Interface FormatReader

All Superinterfaces:
AutoCloseable, Closeable
All Known Subinterfaces:
RangeAwareFormatReader, SegmentableFormatReader

public interface FormatReader extends Closeable
Unified interface for reading data formats.

Simple formats: implement only read(StorageObject, FormatReadContext) (sync) - async wrapping is automatic. Async-capable formats: override readAsync(StorageObject, FormatReadContext, Executor, ActionListener) for native async behavior.

The output is ESQL's native Page format rather than Arrow to avoid mandating Arrow as a dependency for all format implementations.

Implementations should provide metadata discovery via metadata(StorageObject) which returns a unified SourceMetadata containing schema and source information.

Per-query format configuration (delimiter, encoding, etc.) is set on the reader instance via withConfig(Map). Per-query optimizer hints (pushed filters for row-group or stripe skipping) are set via withPushedFilter(Object). Per-read execution parameters (projection, batch size, limit, error policy, split config) are bundled in FormatReadContext.

  • Field Details

  • Method Details

    • defaultSchemaResolution

      default FormatReader.SchemaResolution defaultSchemaResolution()
    • defaultErrorPolicy

      default ErrorPolicy defaultErrorPolicy()
      Returns the default error policy for this format. Override to change the default behavior for a specific format (e.g. NDJSON defaults to lenient because skipping malformed lines is its natural behavior).
    • metadata

      SourceMetadata metadata(StorageObject object) throws IOException
      Throws:
      IOException
    • schema

      default List<Attribute> schema(StorageObject object) throws IOException
      Throws:
      IOException
    • read

      Reads data from the given storage object using the provided context.

      This is the primary read method. All implementations must override this method.

      Throws:
      IOException
    • read

      default CloseableIterator<Page> read(StorageObject object, List<String> projectedColumns, int batchSize) throws IOException
      Convenience overload that delegates to read(StorageObject, FormatReadContext). Keeps test code and simple call sites working without constructing a context.
      Throws:
      IOException
    • readAsync

      default void readAsync(StorageObject object, FormatReadContext context, Executor executor, ActionListener<CloseableIterator<Page>> listener)
      Asynchronously reads data from the given storage object using the provided context.

      The default wraps the synchronous read(StorageObject, FormatReadContext) in the provided executor. Formats with native async support should override this.

    • formatName

      String formatName()
    • fileExtensions

      List<String> fileExtensions()
    • withConfig

      default FormatReader withConfig(Map<String,Object> config)
      Returns a format reader configured with the given config map (from the WITH clause). Implementations should parse format-specific options from the config and return a new reader instance if any options are present.
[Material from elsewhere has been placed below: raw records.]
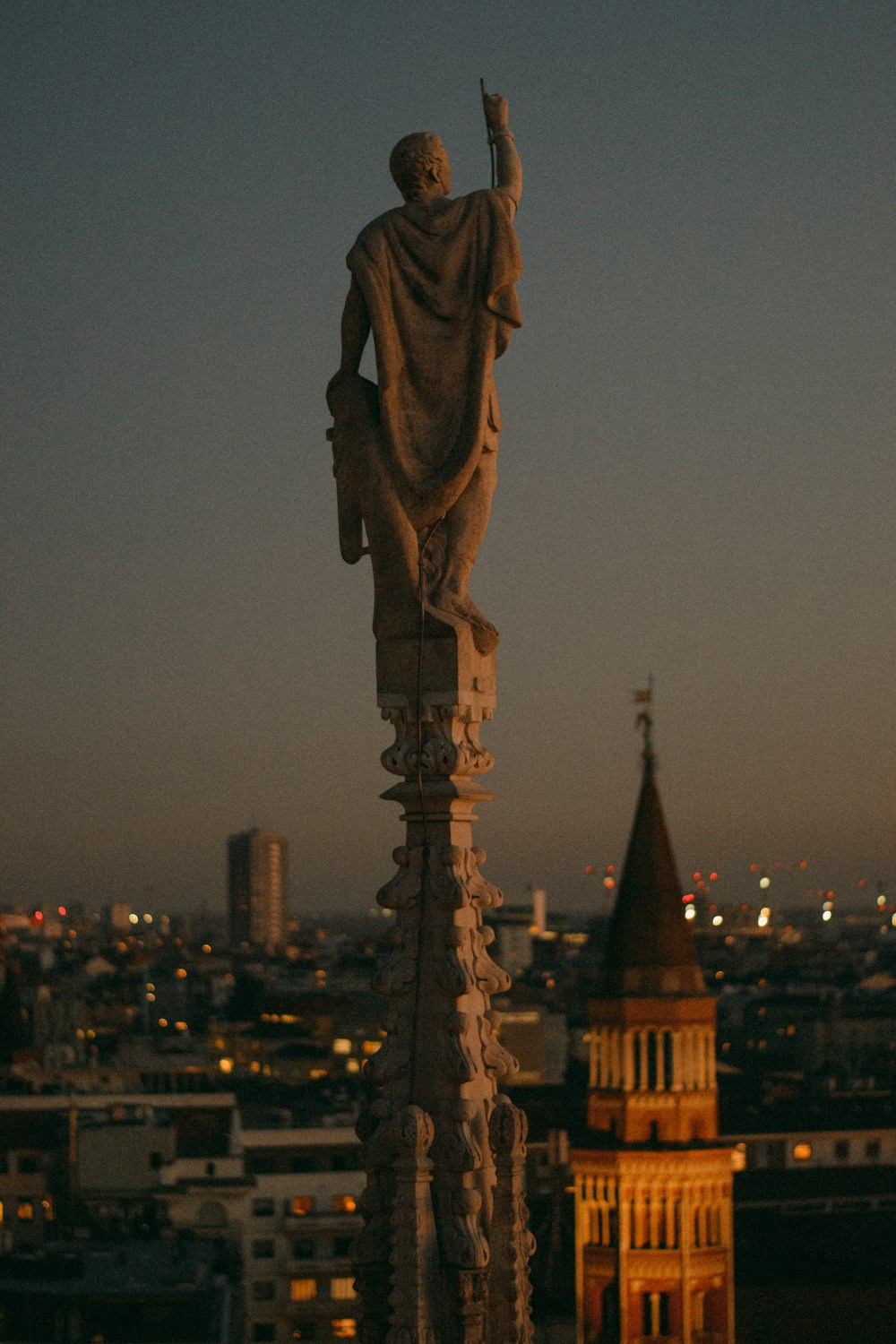 Tramonto a Milano. Terrazza panoramica del duomo di Milano. Foto di Anastasiia Buchinskaia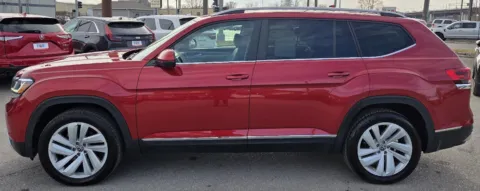 More photos of 2021 Volkswagen Atlas 3.6L V6 SEL at Capital City Motor Company, IA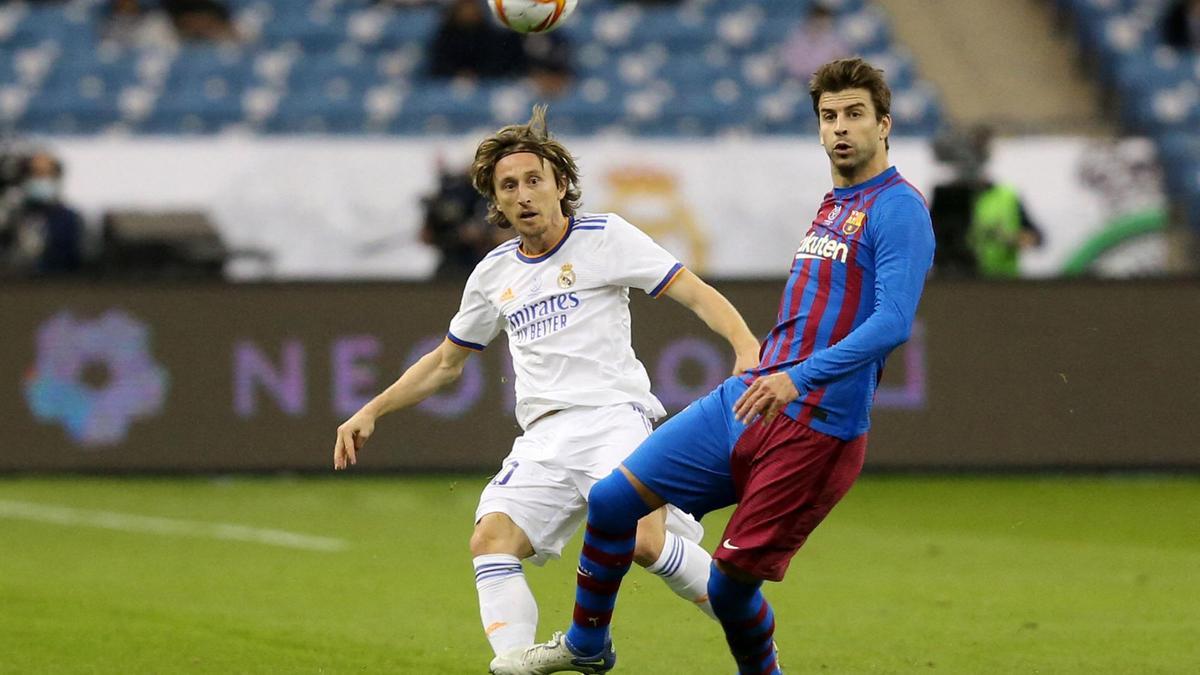 Luka Modric y Gerard Piqué, en el Real Madrid -Barcelona de la pasada temporada.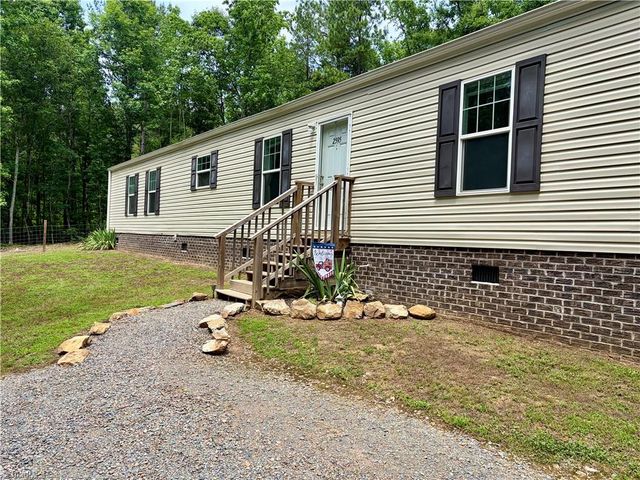 2595 Stokes Road, Denton, NC 27239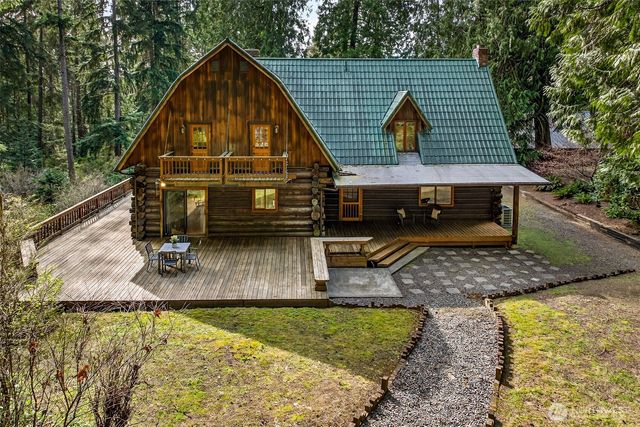 18020 214th Avenue NE, Woodinville, WA 98077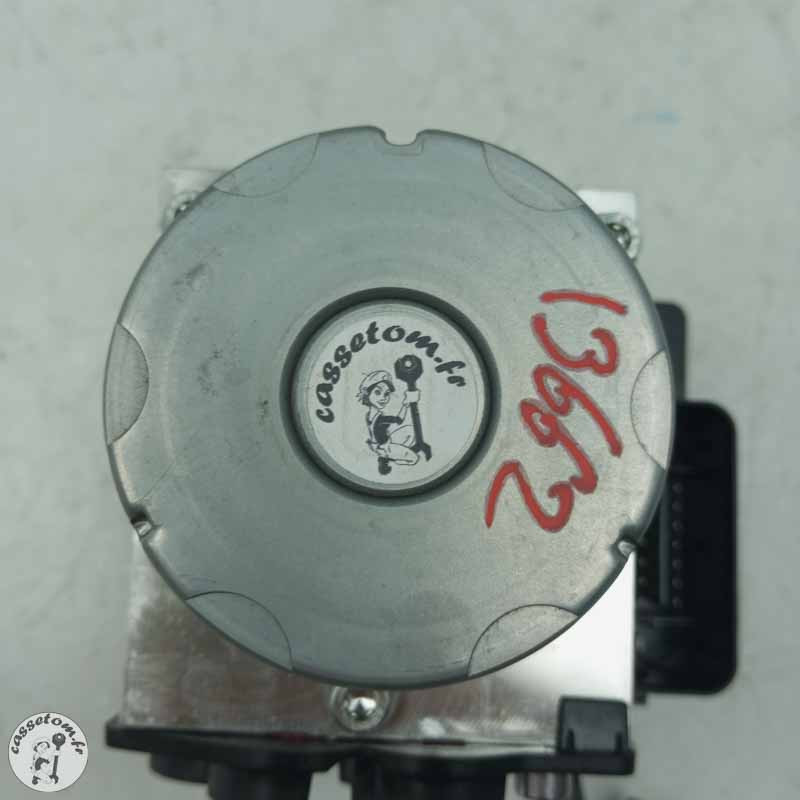 Centrale ABS  Triumph 765 street triple r 2024 - Cassetom - Nos pieces motos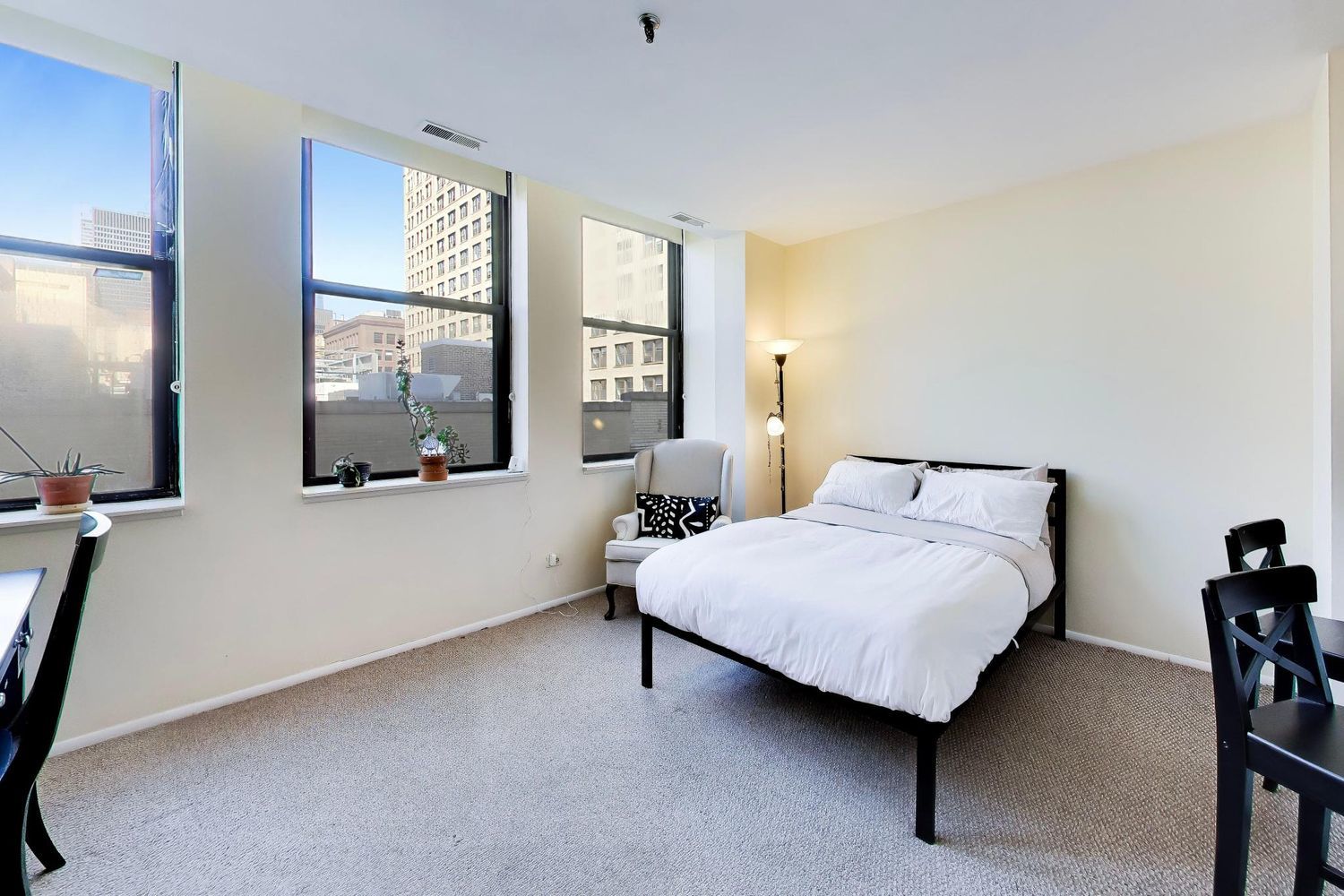 680 S Federal Street 904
The default returns this (no configuration).
    • withPushedFilter

      default FormatReader withPushedFilter(Object pushedFilter)
      Returns a format reader configured with the given pushed filter from the optimizer.

      The pushed filter is an opaque object produced by FilterPushdownSupport during local physical optimization. Only format readers that support predicate pushdown (e.g., Parquet row-group skipping, ORC stripe-level predicates) need to override this.

      The filter is per-query: it applies identically to every file/split in the query. Implementations should cast the filter to their expected type and return a new reader instance with the filter stored as an instance field.

      Parameters:
      pushedFilter - opaque filter object, or null if no filter was pushed
      Returns:
      a new reader with the filter applied, or this if the filter is not applicable
    • aggregatePushdownSupport

      default AggregatePushdownSupport aggregatePushdownSupport()
      Returns the aggregate pushdown support for this format. Only format readers with column statistics in their metadata (Parquet, ORC) override this.
    • withSchema

      default FormatReader withSchema(List<Attribute> schema)
      Returns a format reader configured with the schema attributes.

      The schema is determined during the planning phase (via metadata(StorageObject)) and is constant for all files/splits in a query. Passing it here allows the reader to skip re-reading/inferring the schema from the file header on every read, which is especially important for split-based reads where the split may start mid-file (no header available).

      Formats with embedded schemas (Parquet, ORC) may ignore this since they always read the schema from the file metadata.

      Parameters:
      schema - the planning-phase schema attributes, or null to clear
      Returns:
      a new reader with the schema set, or this if the schema is not needed
    • filterPushdownSupport

      default FilterPushdownSupport filterPushdownSupport()
      Returns the filter pushdown support for this format, or null if not supported.

      When non-null, the optimizer can translate ESQL filter expressions into format-specific predicates (e.g., Parquet FilterPredicate) that enable row-group skipping via statistics, dictionary, and bloom filter checks.

      Returns:
      FilterPushdownSupport for this format, or null if not supported
    • supportsNativeAsync

      default boolean supportsNativeAsync()